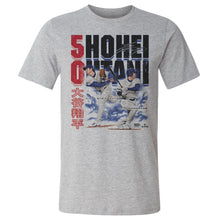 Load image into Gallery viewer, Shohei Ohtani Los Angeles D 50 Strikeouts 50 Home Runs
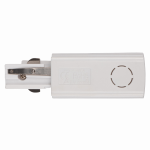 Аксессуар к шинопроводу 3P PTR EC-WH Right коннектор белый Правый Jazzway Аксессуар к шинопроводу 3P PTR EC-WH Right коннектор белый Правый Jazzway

------

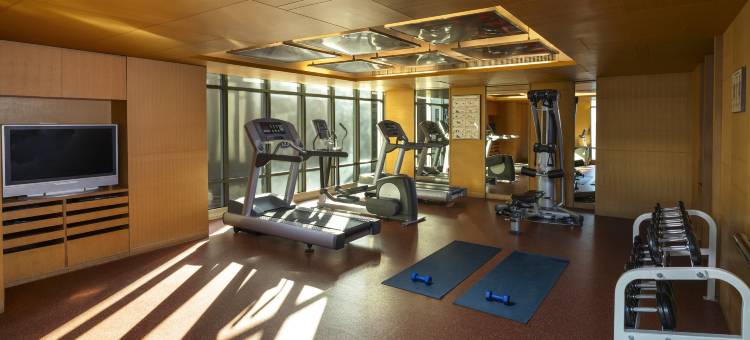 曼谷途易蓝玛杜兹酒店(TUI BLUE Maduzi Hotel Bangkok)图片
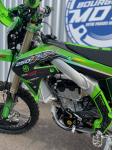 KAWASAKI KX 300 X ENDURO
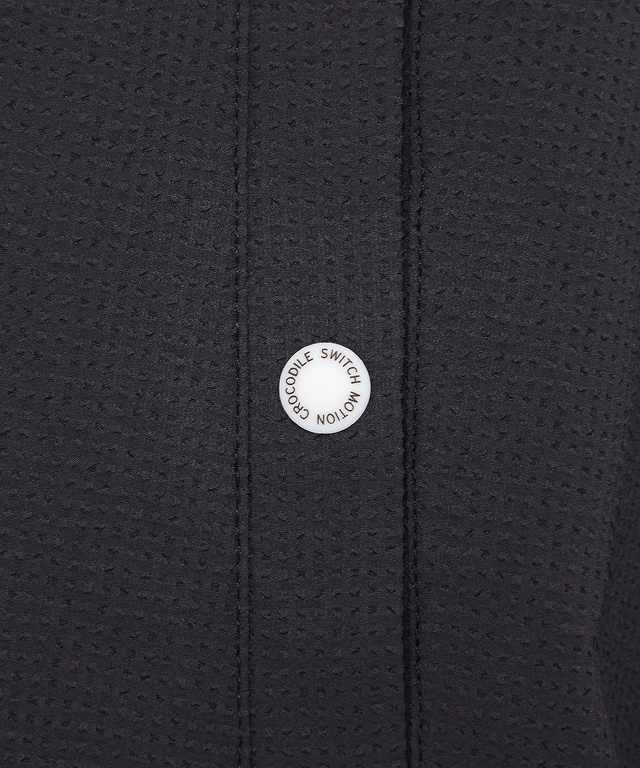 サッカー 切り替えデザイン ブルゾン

------

## Exercise instructions
Although pictures appear among the records above, write out exactly only the lines from the one that has "Load image into" through the one that has "Правый Jazzway Аксессуар", and leave the pictures out.

## Your response
 Load image into Gallery viewer, Shohei Ohtani Los Angeles D 50 Strikeouts 50 Home Runs
 Аксессуар к шинопроводу 3P PTR EC-WH Right коннектор белый Правый Jazzway Аксессуар к шинопроводу 3P PTR EC-WH Right коннектор белый Правый Jazzway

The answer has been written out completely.